WALK INTO Vidyasagar Amritsar Medical Hospital and you get some sense why. The hospital has 310 patients, 110 of them women. Of its 12 posts for psychiatrists, five are vacant. Of the three clinical psychologists’ posts, two are vacant. In a 2008 National Human Rights Commission (NHRC) report assessing government hospitals, it received a “poor” rating for its failure to provide treatment and rehabilitation to the patients. Sehwinder Singh, a senior doctor at the hospital had few answers. He is disposing of a stream of out-patients at a factory pace. Tall, pleasant, he spends an average of 2-5 minutes per patient. It’s been a full day’s work and people are still pouring in, including a recent bride in the throes of a manic attack. Tranquiliser injections are prescribed and the family members directed to the out-patient center. There is no counseling, no filing of case history, no human touch. “We see at least a hundred patients every day,” he says, as if he’s mind-reading. “Sometimes the system itself desensitises us.”

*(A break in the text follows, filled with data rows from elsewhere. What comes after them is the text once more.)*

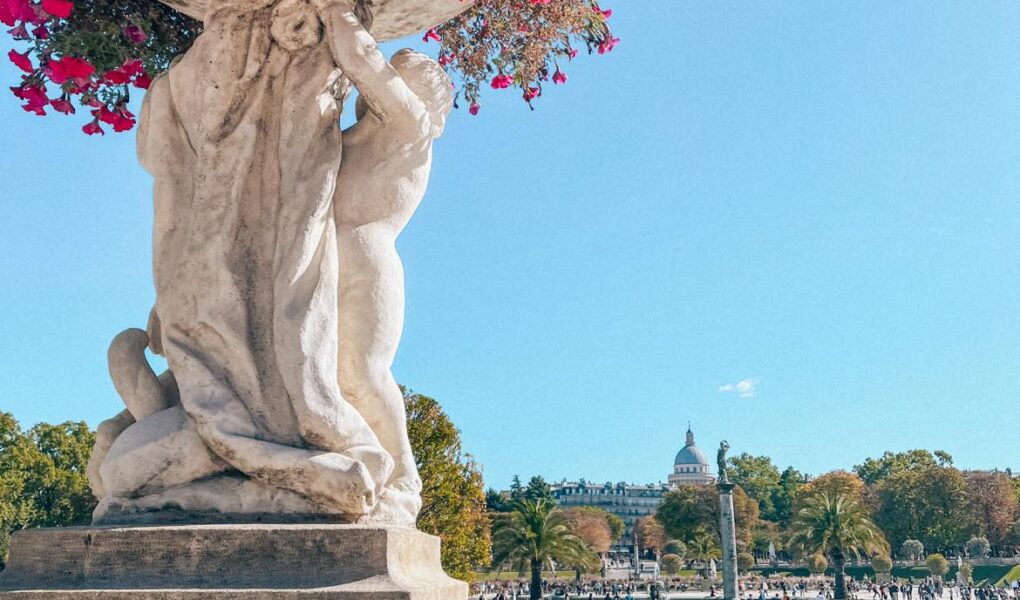 Darmowe przewodniki po Paryżu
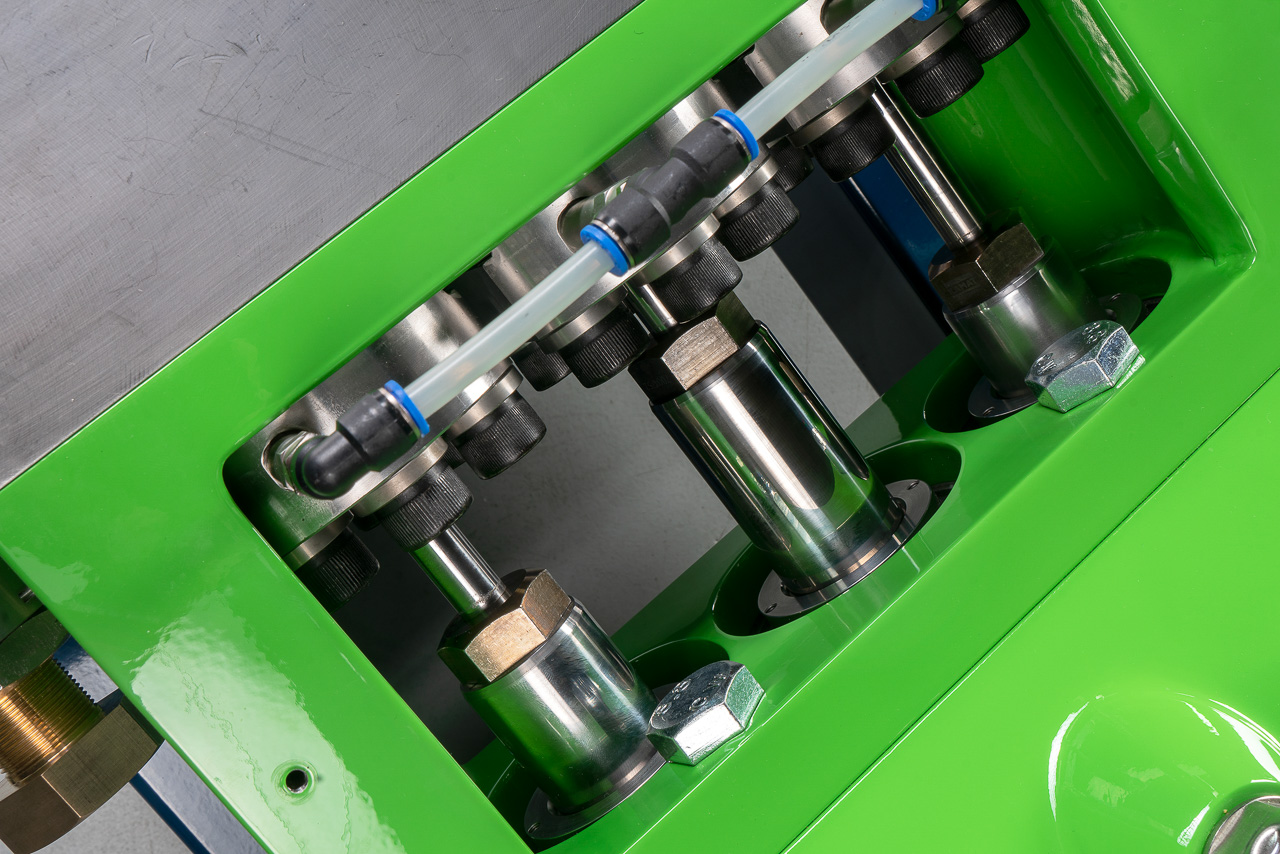 10_25_K_10014_A_3G_plus_Überströmventil_4000bar_60l_3 Kopie_web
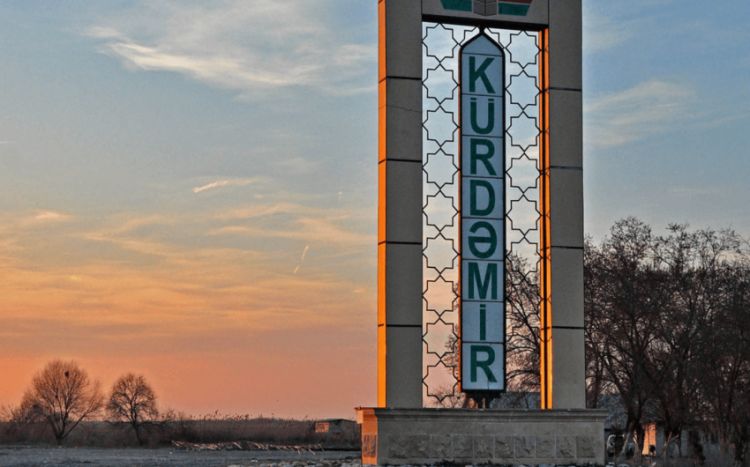 Kürdəmirin icra başçısı vəzifəsindən azad edilib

Ratna Chibber gave up her marriage to look after her brother Sushil because her husband resented him

This is the hospital Asija had pulled his son out of, after a 13-month stay. When he had come home, Dheeraj was a medical mess: his weight had dropped by 15kg; his haemoglobin level dropped; he had swellings on his neck and legs, and Asija strongly suspected sexual abuse. “There are two kinds of patients at these places,” says Asija. “Either you get thrashed or you thrash others. My son got thrashed.”

Walk into Ashreya — the first and only government day-care facility for an estimated 66,000 mentally-ill patients in Chandigarh, and all the dread impressions are reinforced. Former Punjab Governor, Lt. General Jacob had laid the foundation stone for this center in 2002. He had even sanctioned funds to make it a resident, overnight facility. Six years later, however, the centre has failed to acquit its mandate. It now caters more to people with mental disabilities, rather than illnesses, though at least half a dozen similar facilities for the disabled already exist in the city. With only one small room and a pocket-sized lawn, barely 12 mentally ill people a day can now use Ashreya as an interim shelter.

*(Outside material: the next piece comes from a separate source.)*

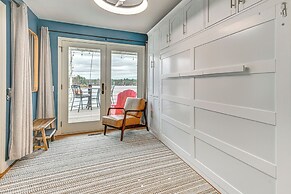 Dock, Deck & View: Lakefront Chippewa Falls Studio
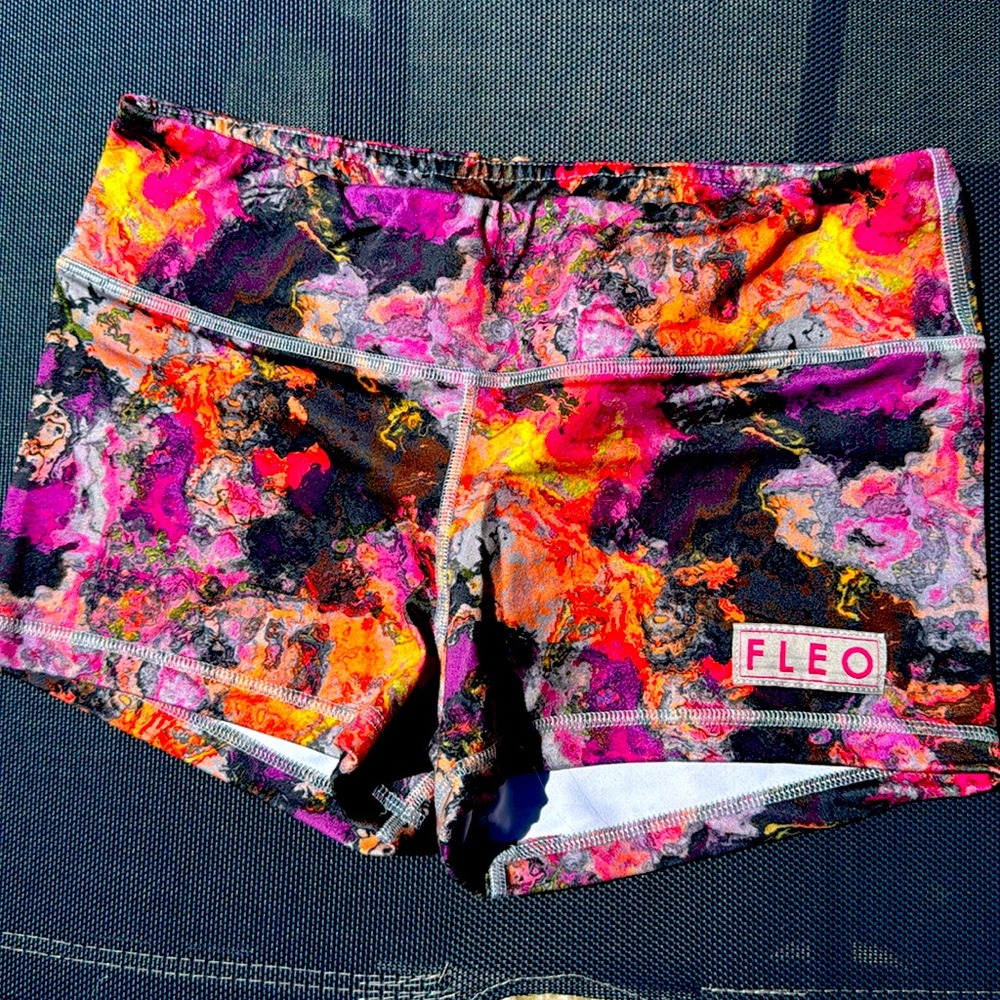 Large fleo work out shorts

And that’s just one example of a longoverdue initiative tripped by inscrutable and faulty government policy.

But that’s just the urban story. A casual visit to the government’s Institute of Human Behaviour and Allied Sciences (IHBAS) Institute in New Delhi — one of the most reputed in India — is a dip stick for what’s going on in rural India. Over 700 people turn up every day in the outpatient department (OPD) here. That fact that over 40 percent of these are from the countryside speaks volumes about the government-run District Mental Health Programme (DMHP) that has been in place for three decades. The individual stories of why some of these people have been compelled to make the journey to Delhi explain some of that chronic disrepair.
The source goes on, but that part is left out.